Le nombre d’internautes mondiaux ne cesse de croître sans que les infrastructures faisant circuler le volume, également croissant, de données échangés aux quatre coins du globe ne suivent toujours le rythme de l’humanité.

Or, pour maintenir le lien numérique entre les continents, les câbles sous-marins restent la meilleure option : encore aujourd’hui, plus de 99 % de notre consommation d’Internet passe par ces serpents d’acier.

Câbler le globe

L’aventure de ces câbles géants reliant l’Ancien et le Nouveau Monde, débutée au XIXe siècle grâce au télégraphe, n’a cessé de gagner en importance, concentrant de nombreux investissements pour rapprocher les deux mondes.

À l’ère d’Internet, ces câbles contiennent aujourd’hui l’essentiel de ce nous imaginons être diffusés dans les airs. On estime qu’en moyenne, ils sont en mesure de transmettre l’équivalent de 200 Wikipédia par seconde.

Le câble Marea à bord de son câblier / Microsoft

Mais ce n’est jamais suffisant pour l’humanité numérique : ainsi, de nouvelles infrastructures sont toujours nécessaires — que ce soit à des fins politiques comme lorsque la Russie reliait l’Ukraine à ses câbles — ou plus logiquement afin de suivre l’explosion de la demande en données.

The Marea Project a quant à lui été initié par deux géants du web et un opérateur télécom espagnol, respectivement, Facebook, Microsoft et Telxius. Ce trio compte dérouler 6 600 kilomètres de câble entre Bilbao et Virginia Beach. Mais là où ce câble vient battre tous les records, c’est en matière de performance : il serait en mesure de transmettre 160 térabits par seconde.

Selon un malicieux calcul de The Next Web, cela équivaut en gros à 20 000 heures de séries Netflix en haute définition en une seule seconde.

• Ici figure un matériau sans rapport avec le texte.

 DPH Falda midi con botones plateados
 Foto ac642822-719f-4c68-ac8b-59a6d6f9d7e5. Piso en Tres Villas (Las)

Des 420 câbles parcourant le globe sous les eaux, celui du Marea est le plus performant à l’heure actuelle. En outre, sa construction a été prévue pour être mise à jour et améliorée au fil du temps.

Déployé en un an, le serpent d’acier était encore dans l’attente de ses premières données. Une véritable fête était prévue pour les premiers octets voyageurs et a été orchestrée par le président de Microsoft ce vendredi 23 septembre.